In an effort to understand the effects of tourism on Valemount’s water use, the Village hired a Water Smart Ambassador. Throughout summer 2013, the Ambassador inventoried water-using fixtures in 12 hotels. The results showed that hotels without low-flow fixtures used up to eight times more water than those with low-flow fixtures, and that as much as 2.5 million litres of water could be saved annually by replacing outdated and inefficient toilets with low-flow models in all hotels. Even more water could be conserved if faucet aerators and low-flow shower heads were installed.

This information suggests a number of possible scenarios. For example, the Village might consider a low-flow toilet rebate program, or could speak with hotel owners about other incentives that might get them to switch out their toilets.

This case study demonstrates that there is no such thing as a one-size-fits-all water conservation strategy. Every community needs to first understand when, how, and by whom water is being used, and then choose water conservation strategies that specifically address those uses and users.

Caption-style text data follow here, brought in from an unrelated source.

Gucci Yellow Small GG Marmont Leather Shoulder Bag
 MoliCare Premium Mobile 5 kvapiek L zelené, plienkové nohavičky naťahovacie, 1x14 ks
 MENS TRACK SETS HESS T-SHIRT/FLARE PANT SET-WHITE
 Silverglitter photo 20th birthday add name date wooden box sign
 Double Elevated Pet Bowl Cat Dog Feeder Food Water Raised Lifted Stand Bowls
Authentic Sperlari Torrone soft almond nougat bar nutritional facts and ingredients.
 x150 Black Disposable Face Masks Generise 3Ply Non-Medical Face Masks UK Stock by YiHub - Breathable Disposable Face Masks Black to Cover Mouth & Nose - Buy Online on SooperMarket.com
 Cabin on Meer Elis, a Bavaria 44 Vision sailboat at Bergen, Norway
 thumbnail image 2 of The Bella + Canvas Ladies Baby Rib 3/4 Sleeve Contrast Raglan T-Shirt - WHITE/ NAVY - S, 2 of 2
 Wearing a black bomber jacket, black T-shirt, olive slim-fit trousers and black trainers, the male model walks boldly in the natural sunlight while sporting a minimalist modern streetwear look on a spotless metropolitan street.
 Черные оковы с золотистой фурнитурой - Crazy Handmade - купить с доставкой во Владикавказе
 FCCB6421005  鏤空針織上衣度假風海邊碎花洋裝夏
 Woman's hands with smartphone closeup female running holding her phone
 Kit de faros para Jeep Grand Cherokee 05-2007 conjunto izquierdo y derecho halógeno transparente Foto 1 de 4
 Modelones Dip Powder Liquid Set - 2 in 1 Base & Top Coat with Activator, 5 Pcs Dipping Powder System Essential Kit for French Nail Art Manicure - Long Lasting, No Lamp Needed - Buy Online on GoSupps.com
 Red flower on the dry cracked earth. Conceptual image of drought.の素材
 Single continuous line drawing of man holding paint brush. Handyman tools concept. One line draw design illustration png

The Water Smart Ambassador Program is partially funded by Columbia Basin Trust. The Columbia Basin Water Smart Initiative (Water Smart) is a regional water conservation initiative that provides support to participating regional districts, municipalities and First Nations to assess and address their local water conservation needs and plan for the most locally effective actions to reduce community-wide water consumption. Water Smart is working to achieve a 20 per cent reduction in gross community water consumption among participating communities by 2015. Learn more on Water Smart’s website.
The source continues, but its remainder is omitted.